Three continents and five languages later, Yannet Urgessa ’16 found her unapologetic self at PLU
Yannet Urgessa ’16 feels comfortable here, and she’s got the hair to prove it. It’s big. It’s curly. And, she says, it’s unapologetically black.
“A lot of growth I’ve done is reflected in my hair,” she said.
Urgessa didn’t always wear her confidence so proudly on her head. After emigrating from Ethiopia, she grew up in Bergen, Norway, among a sea of silky, blond hair.
She said wearing her hair in an Afro “freaked my friends out.” So, from the time she was 13 years old, Urgessa straightened her hair daily.
The decision catered to her white friends, she says in hindsight. She sacrificed the health of her hair to make them feel comfortable, and the damage went deeper than her roots and split ends.
“I don’t care for my hair when it’s straight,” she said. “When it’s out and big, it’s me being myself.”
When Urgessa talks about the stages of her hair, it’s more than a statement about fashion or beauty. It’s a symbol of her constant identity struggle, an indicator of the growth she’s made as an international student at Pacific Lutheran University.
Her family relocated when she was 6 years old, fleeing a country rife with political instability. Her family never abandoned their ethnic Oromo roots, but actively immersed themselves in their new culture.
Now, she’s relocated again, extending her international education to a third continent as a sociology major at PLU.
The university’s commitment to global education is a value that’s familiar to Urgessa. She speaks five languages — Amhara and Oromo that are native to Ethiopia, English, Norwegian and German — and learned from an early age to act as a citizen of the world.
“My parents did a really good job of fostering a global community within our household,” she said.
Urgessa spends a lot of time thinking about her identity and how it fits within that global community. “After I came to PLU, that’s when I had the biggest struggle figuring out how to identify who I am,” she said.
Once she arrived, she interacted with students of color who were confident in their own skin.
“I had never experienced that before,” she said. Many of her new friends at PLU were social justice advocates who “embraced their blackness,” she said, and it inspired her to follow their lead.
So, among other changes, she stopped straightening her hair. Through her newfound support system, immersion in PLU’s Diversity Center and sociology classes, Urgessa became equally comfortable in her own skin in yet another new culture thousands of miles from home.
“I found that I could be unapologetically who I wanted to be,” she said.

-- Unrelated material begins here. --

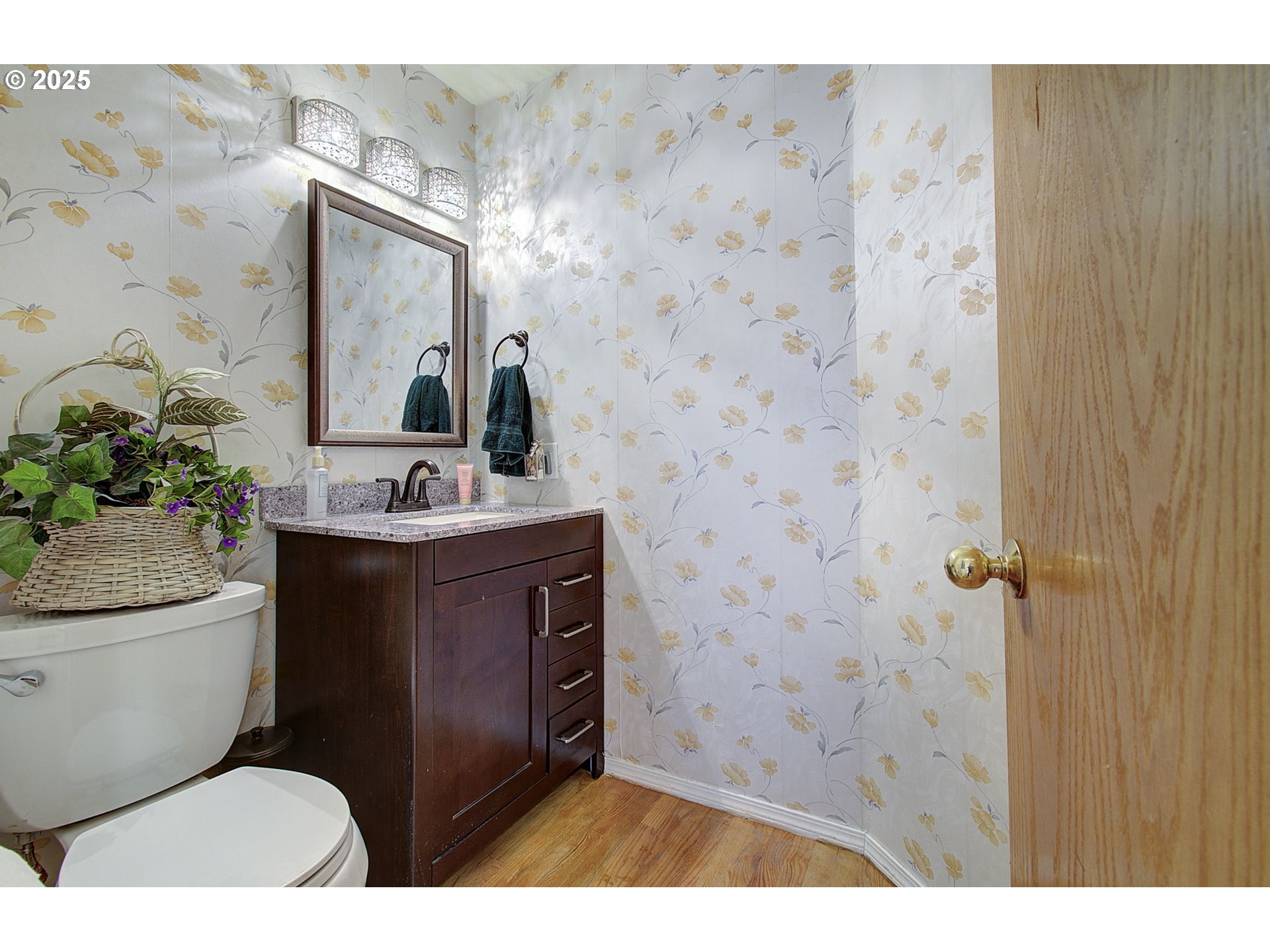 10535 Southwest 135th Avenue Beaverton, OR 97008 - Photo 8 of 37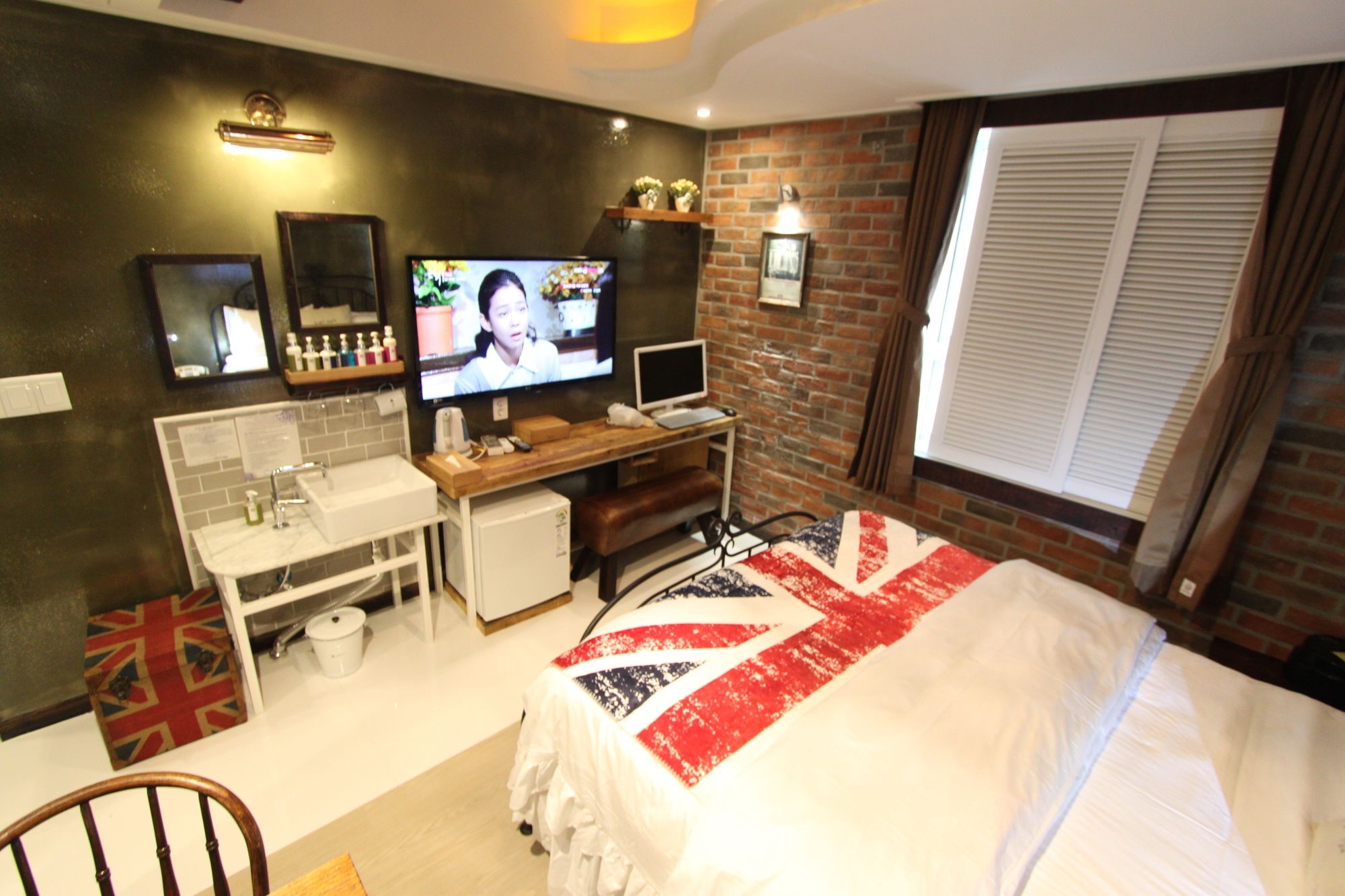 February Hotel Hwanggeum Тегу Екстериор снимка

Urgessa said her PLU experience has been pivotal in strengthening her values as a global citizen, but she said it isn’t easy for everyone to embrace cultural immersion. To help her fellow international students get the most out of their experience abroad, Urgessa became an international peer advisor (IPA).
IPAs usher new international students through their first week at the university, offering them advice, guidance and support as they navigate their new community.
Urgessa uses her role to proactively avoid common pitfalls, such as students forming cliques with peers from the same country. She intentionally came to PLU without friends in tow, and encourages the same mentality among the international students she advises.
“It’s just so comfortable to fall back on what you know,” she said.
For a year and a half, Urgessa lived in Hong International Hall, an immersive living and learning community that intermingles domestic and international students, as well as those who study various languages. It’s a cultural hub that challenges residents to become fluent in languages and conversant in international issues.
Despite living in a dedicated Norwegian wing, Urgessa intentionally distanced herself from other Norwegian students around campus. She wanted to improve her English and learn from students from different cultural backgrounds.
That effort has served her well, she says, and it will serve other international students well, too.
“It has strengthened my values and morals,” Urgessa said. “We’re not the same. We can’t be the same. That adds to the holistic experience of being a human being.”
Urgessa’s cultural immersion won’t end with graduation. She plans to obtain a work visa and attend graduate school. She hopes to work in law and participate in ongoing activism. “I want to create change somehow,” she said.
Eventually, she will return to Norway. But she isn’t ready just yet. No matter where her global citizenship takes her, Urgessa will continue to be herself — unapologetically.
“I’m brave enough to challenge certain things,” she said of living in the U.S., “and safe enough to challenge them.”